[Captioned web images]
*-*-*

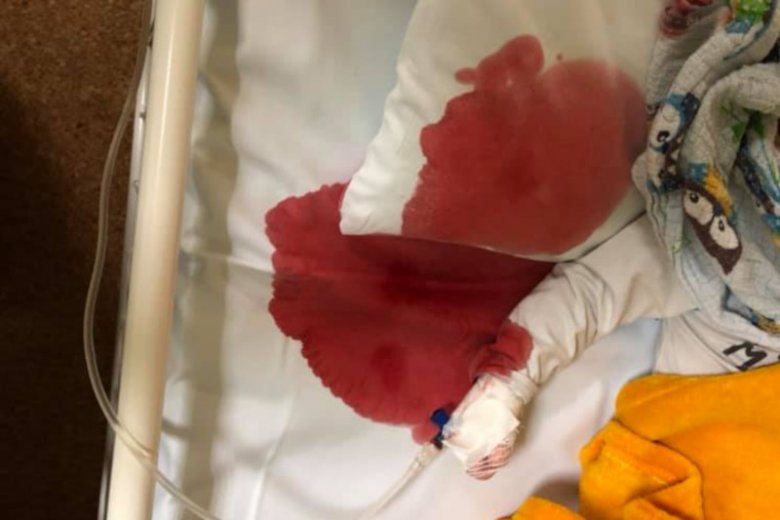 Kobieta z dzieckiem czekała na szpitalnym korytarzu w Wejherowie 4 godziny.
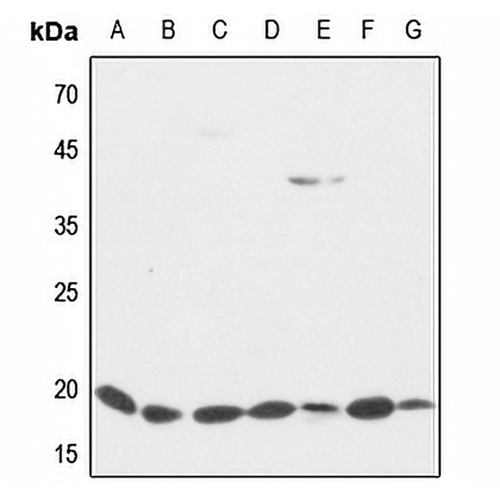 Cofilin Rabbit Polyclonal Antibody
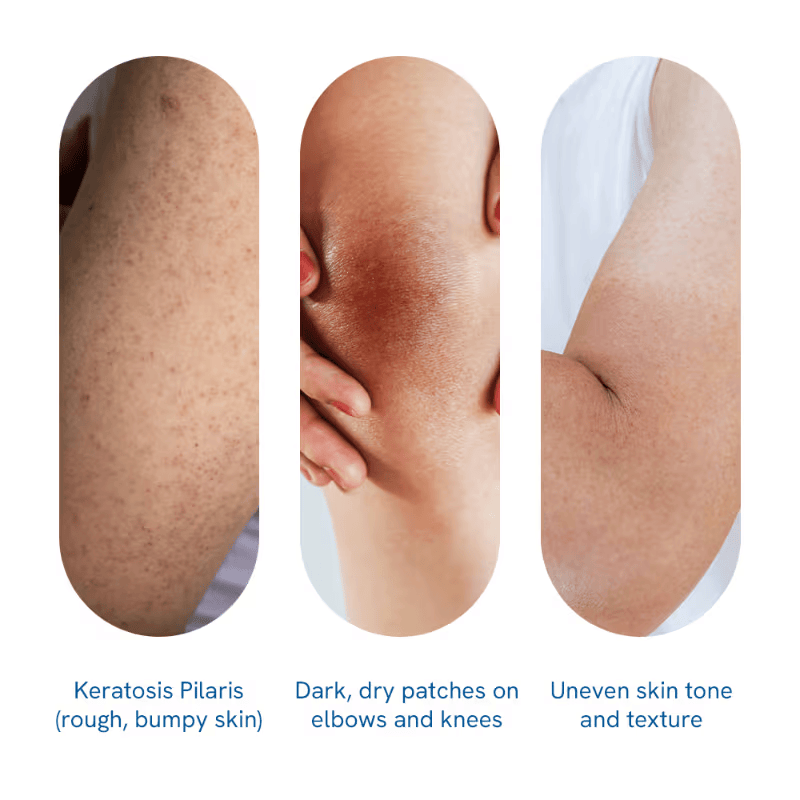 Top Natural Body Care Solutions for Women in India: Featuring Be Bodywise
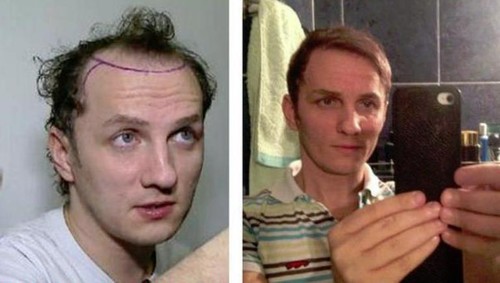 Top 5 vedete de la noi care îşi ascund chelia cu implanturi de păr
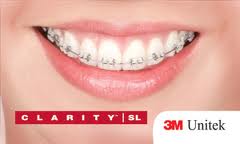Clarity | SL Orthodontic Brackets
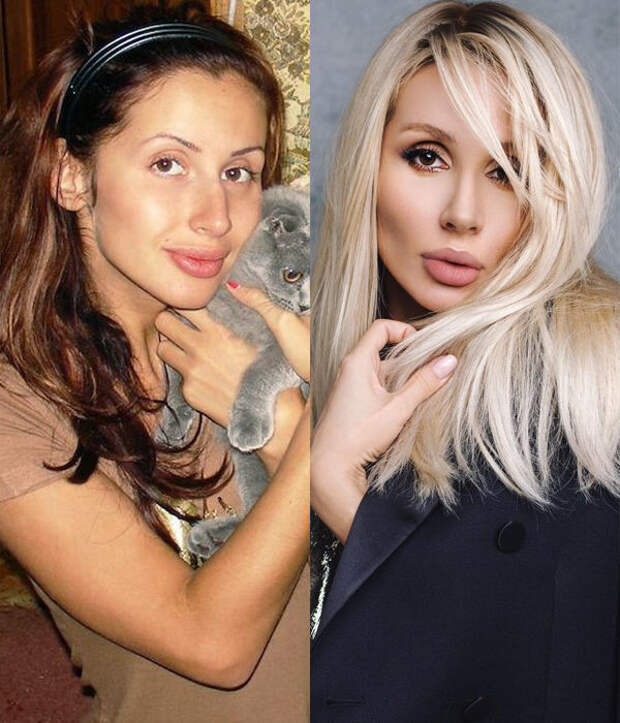 Светлана Лобода фото до и после пластики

*-*-*

TASK DESCRIPTION: The answer must be an exact transcription of the lines from the one holding "Clarity | SL Orthodontic Brackets" to the last line of the entries above, with no pictures and nothing else.

TASK OUTPUT:
Clarity | SL Orthodontic Brackets
 Светлана Лобода фото до и после пластики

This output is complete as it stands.